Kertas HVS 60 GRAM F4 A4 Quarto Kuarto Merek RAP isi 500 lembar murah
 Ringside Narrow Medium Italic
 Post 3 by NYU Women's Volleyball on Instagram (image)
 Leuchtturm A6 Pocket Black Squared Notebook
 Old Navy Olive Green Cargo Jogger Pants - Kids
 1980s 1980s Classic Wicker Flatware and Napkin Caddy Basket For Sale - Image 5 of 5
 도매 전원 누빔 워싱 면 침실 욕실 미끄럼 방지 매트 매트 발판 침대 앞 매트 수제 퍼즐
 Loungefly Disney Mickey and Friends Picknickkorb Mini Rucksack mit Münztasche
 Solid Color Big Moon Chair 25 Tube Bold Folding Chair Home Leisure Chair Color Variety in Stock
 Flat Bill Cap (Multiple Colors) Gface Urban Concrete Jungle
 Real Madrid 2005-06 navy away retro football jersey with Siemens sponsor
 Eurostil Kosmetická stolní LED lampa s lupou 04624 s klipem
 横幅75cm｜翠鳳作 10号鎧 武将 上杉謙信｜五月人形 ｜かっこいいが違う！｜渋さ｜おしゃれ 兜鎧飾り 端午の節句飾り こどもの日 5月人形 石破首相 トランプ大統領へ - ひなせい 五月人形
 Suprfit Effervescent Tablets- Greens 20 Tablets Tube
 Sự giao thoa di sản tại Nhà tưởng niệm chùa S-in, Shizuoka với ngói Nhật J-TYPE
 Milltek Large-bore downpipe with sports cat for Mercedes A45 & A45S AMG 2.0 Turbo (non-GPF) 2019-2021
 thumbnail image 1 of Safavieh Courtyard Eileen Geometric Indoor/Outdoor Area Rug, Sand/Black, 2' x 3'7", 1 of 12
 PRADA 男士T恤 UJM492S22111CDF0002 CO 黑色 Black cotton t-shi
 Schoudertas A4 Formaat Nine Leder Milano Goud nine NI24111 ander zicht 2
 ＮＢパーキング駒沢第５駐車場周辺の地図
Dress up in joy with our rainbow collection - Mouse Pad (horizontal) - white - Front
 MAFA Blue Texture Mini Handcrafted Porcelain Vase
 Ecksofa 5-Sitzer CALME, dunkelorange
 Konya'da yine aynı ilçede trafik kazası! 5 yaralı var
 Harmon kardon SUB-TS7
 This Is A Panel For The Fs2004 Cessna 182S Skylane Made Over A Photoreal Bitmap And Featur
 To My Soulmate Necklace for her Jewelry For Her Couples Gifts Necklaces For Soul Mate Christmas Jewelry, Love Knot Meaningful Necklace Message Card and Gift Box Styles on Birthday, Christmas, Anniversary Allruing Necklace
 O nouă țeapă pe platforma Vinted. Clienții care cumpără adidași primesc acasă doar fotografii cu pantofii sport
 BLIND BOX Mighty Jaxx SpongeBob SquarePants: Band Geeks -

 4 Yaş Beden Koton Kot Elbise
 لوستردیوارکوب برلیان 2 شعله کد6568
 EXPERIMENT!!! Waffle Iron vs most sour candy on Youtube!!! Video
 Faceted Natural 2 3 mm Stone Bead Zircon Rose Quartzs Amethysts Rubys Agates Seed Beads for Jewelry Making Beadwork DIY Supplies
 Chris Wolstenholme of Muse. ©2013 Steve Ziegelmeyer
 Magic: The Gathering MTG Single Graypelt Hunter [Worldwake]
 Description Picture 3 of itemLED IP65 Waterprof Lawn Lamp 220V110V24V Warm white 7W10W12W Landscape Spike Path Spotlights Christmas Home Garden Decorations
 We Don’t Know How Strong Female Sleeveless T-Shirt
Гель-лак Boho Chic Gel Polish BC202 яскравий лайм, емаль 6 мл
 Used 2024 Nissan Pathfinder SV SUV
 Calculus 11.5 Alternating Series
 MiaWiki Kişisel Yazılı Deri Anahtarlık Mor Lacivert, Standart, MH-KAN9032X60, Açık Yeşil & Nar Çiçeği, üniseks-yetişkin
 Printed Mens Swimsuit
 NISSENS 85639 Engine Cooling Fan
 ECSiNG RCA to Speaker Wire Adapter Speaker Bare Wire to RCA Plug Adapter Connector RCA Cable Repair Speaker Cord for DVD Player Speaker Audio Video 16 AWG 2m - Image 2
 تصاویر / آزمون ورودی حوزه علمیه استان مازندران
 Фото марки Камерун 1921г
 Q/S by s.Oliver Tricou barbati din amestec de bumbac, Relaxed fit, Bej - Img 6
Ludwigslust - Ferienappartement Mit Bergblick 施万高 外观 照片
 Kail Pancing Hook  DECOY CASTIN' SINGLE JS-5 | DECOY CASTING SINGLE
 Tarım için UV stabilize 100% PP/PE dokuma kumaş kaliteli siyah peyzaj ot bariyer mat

* [Your instructions]
Only the lines from the one with "Ludwigslust - Ferienappartement" through the end of the listing should be output, exactly as they appear.

* [Exercise response]
Ludwigslust - Ferienappartement Mit Bergblick 施万高 外观 照片
 Kail Pancing Hook  DECOY CASTIN' SINGLE JS-5 | DECOY CASTING SINGLE
 Tarım için UV stabilize 100% PP/PE dokuma kumaş kaliteli siyah peyzaj ot bariyer mat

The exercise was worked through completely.